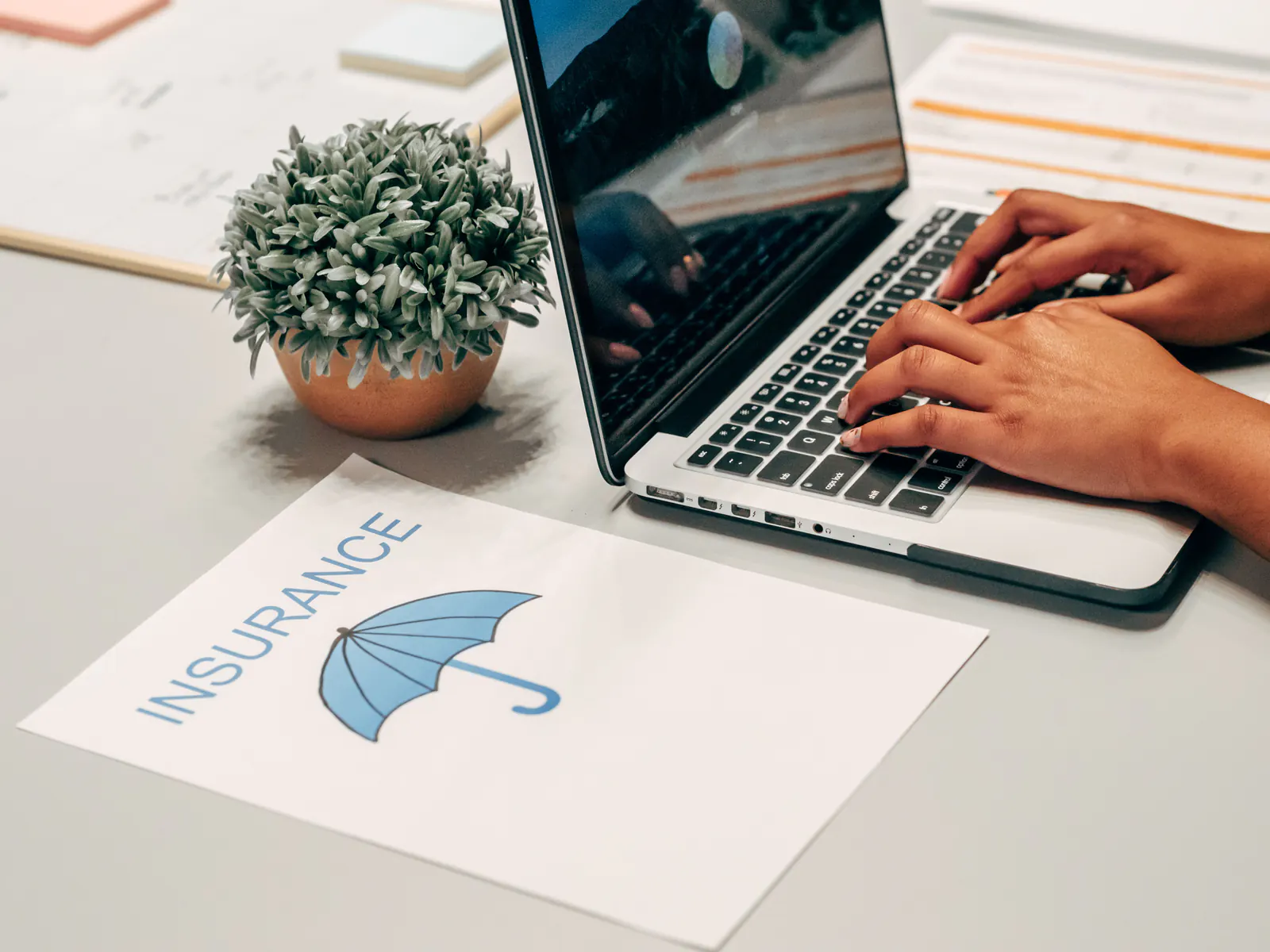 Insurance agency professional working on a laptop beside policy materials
---
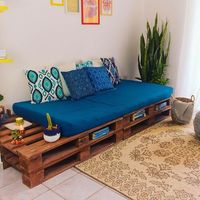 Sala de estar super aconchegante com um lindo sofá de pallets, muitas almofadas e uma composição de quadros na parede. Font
--
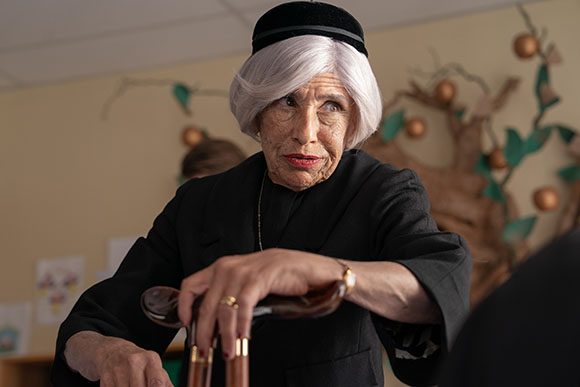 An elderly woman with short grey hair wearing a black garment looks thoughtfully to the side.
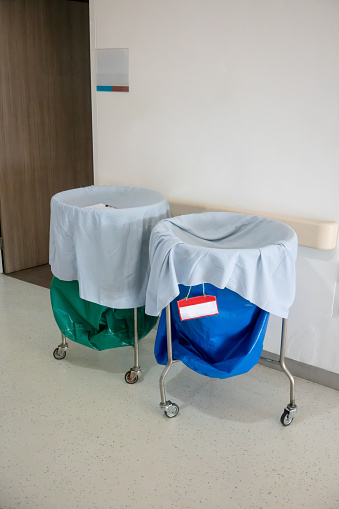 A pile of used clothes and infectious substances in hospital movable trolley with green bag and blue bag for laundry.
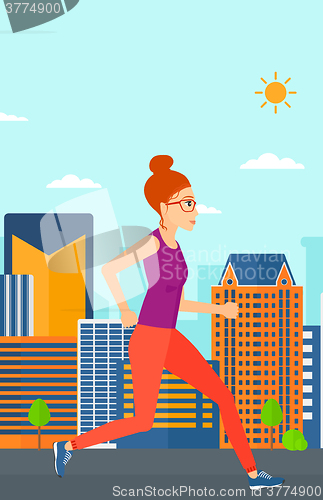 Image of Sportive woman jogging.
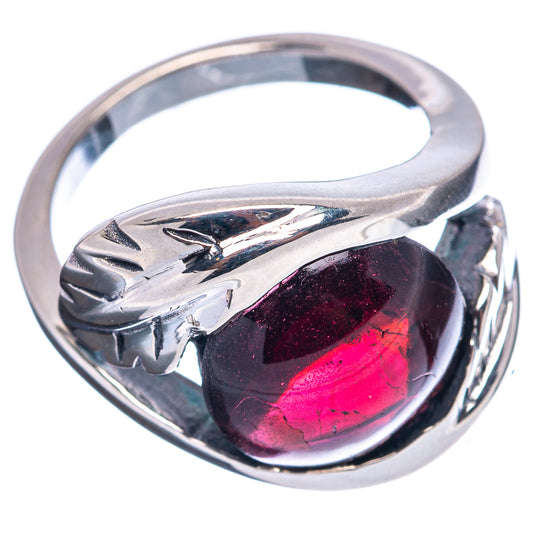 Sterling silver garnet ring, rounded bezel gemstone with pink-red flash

#### TASK DESCRIPTION:
In the listing above, find the line containing "Image of Sportive woman jogging." and the line containing "Sterling silver garnet", then write out both of them and every line between, exactly, with no pictures.

#### RESPONSE:
 Image of Sportive woman jogging.
 Sterling silver garnet ring, rounded bezel gemstone with pink-red flash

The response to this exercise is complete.